I don't mind dancing in the rain; just that my shorts bind up after a while. 



Thank you.


----------



## SifuPhil (Aug 3, 2015)

Underock1 said:


> I hear you Phil. My sympathy for your plight. I cry often. God I miss my life! If I haven't cried for a few days, I look at a special picture of my gal with our six month old first born. That always sets me off. If I stop crying for too long, it means I'm forgetting, and that terrifies me. The memories are worth the tears.
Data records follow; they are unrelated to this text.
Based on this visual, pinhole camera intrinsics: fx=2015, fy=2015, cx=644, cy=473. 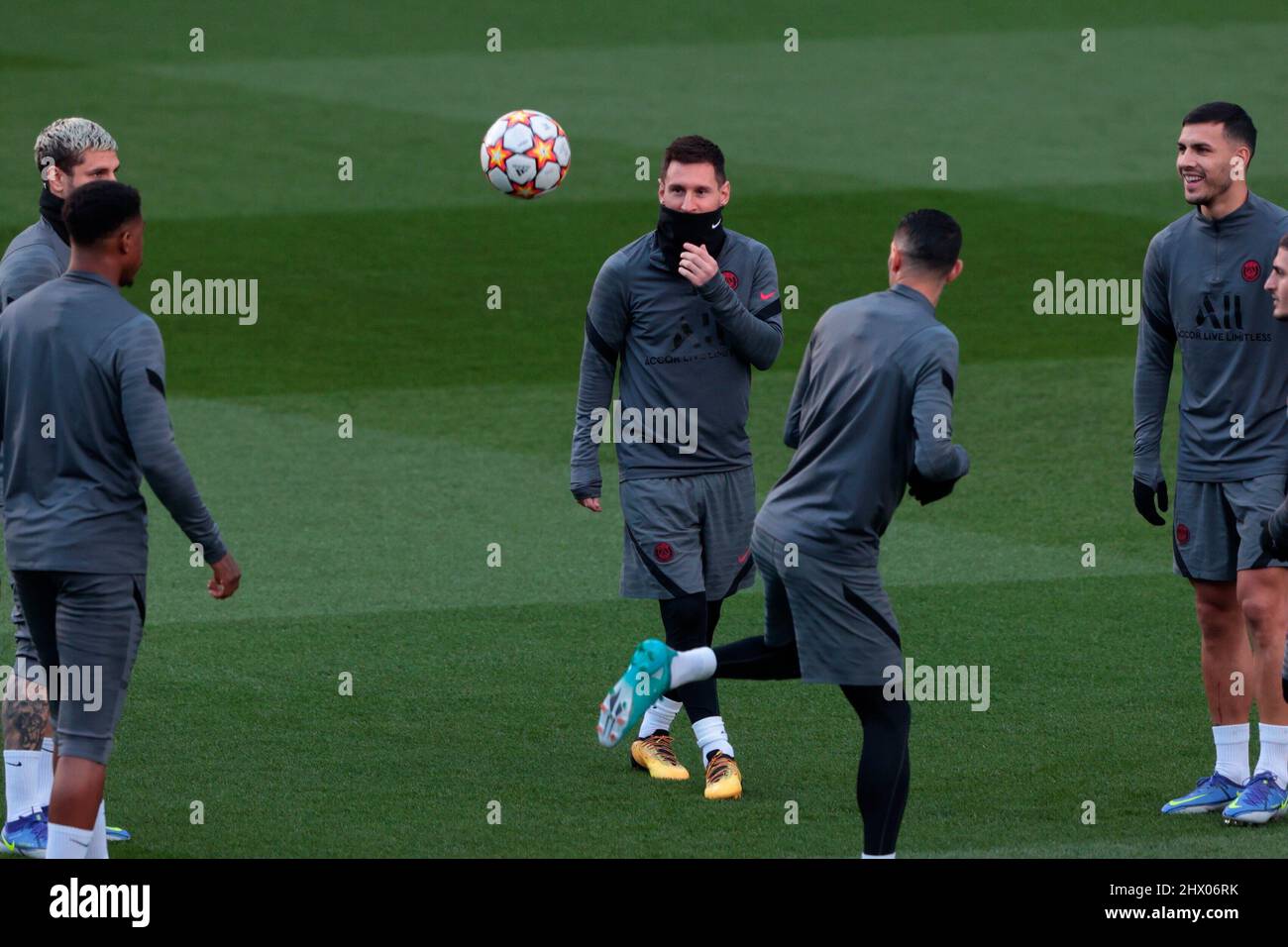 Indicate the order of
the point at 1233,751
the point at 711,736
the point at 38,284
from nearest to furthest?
the point at 38,284 → the point at 1233,751 → the point at 711,736

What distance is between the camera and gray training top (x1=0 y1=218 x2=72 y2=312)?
698 cm

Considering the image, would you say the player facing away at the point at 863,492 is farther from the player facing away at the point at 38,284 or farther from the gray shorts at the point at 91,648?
the player facing away at the point at 38,284

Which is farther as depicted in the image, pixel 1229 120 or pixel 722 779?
pixel 722 779

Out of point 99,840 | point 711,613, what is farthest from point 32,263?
point 711,613

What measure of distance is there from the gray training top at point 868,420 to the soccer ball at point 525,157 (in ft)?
15.1

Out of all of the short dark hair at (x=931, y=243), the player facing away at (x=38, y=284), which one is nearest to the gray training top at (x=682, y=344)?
the short dark hair at (x=931, y=243)

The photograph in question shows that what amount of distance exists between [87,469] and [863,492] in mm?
2400

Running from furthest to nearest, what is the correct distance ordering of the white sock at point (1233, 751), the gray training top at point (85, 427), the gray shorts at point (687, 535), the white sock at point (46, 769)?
the gray shorts at point (687, 535)
the white sock at point (1233, 751)
the white sock at point (46, 769)
the gray training top at point (85, 427)

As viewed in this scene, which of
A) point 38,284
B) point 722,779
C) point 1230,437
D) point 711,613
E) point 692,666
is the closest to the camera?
point 692,666

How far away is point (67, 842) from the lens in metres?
6.12

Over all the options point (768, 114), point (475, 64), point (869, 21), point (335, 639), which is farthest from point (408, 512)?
point (869, 21)

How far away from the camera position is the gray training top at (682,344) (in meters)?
7.89

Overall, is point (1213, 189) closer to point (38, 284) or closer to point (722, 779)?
point (722, 779)

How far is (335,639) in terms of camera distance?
32.3ft
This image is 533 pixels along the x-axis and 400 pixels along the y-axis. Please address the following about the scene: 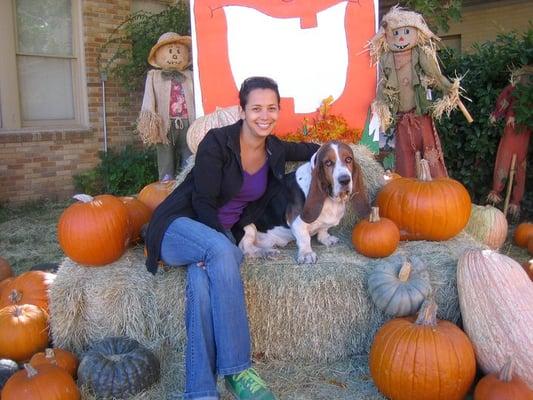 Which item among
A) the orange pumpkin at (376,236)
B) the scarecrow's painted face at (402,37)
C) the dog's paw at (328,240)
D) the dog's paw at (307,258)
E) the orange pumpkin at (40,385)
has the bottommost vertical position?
the orange pumpkin at (40,385)

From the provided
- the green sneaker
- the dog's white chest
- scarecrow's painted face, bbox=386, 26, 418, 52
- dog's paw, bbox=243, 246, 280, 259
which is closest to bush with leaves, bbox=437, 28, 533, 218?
scarecrow's painted face, bbox=386, 26, 418, 52

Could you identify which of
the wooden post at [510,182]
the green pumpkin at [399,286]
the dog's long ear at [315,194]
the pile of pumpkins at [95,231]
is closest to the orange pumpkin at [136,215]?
A: the pile of pumpkins at [95,231]

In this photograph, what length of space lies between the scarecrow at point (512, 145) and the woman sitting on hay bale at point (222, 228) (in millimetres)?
3045

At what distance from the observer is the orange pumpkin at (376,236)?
348cm

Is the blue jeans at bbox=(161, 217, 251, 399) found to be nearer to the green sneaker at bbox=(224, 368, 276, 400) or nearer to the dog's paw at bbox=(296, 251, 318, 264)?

I'm just not used to "wimping out" (as I call it) - I'm from the School of Men Who Don't Cry. Yeah, I know that has been poo-pooed by modern culture but my heroes have always been more John Wayne than Alan Alda. Yes, I had a happy upbringing but a series of family deaths when I was a pre-teen kind of put the kibosh on crying - I just ran out of tears, I guess - and the martial arts taught me to pony-on through pain.

"The  memories are worth the tears" ... that's something I'll have to investigate. Thanks.


----------



## Lara (Aug 3, 2015)

Ahhh, John Wayne, "We're gonna take that hill"...Well, it's a new day and I'm glad to see your sense of humor is still in tact Phil…..that's your fuel that will get you through this


----------



## SifuPhil (Aug 3, 2015)

Lara said:


> Well, it's a new day and I'm glad to see your sense of humor is still in tact Phil…..that's your fuel that will get you through this



That's pretty much all I have left, Lara - the body and looks have disappeared and I sold my last Gomer Pyle collectable ...


----------



## SifuPhil (Aug 7, 2015)

Roomie is back from the hospital, after a veritable comedy of errors.

First, her cardiac record had been MIXED UP WITH SOMEONE ELSE'S! Yes, the doctors in the first hospital she was going to had somehow mixed up her test results with another person's. 

Luckily she went for the catheterization and subsequent open-heart work to a second hospital with different doctors, who discovered the mix-up.

As a result, she did NOT need the heart surgery. The first hospital had told her she had 3 blockages of 30%, 40% and 70% - turns out she has ONE minor one.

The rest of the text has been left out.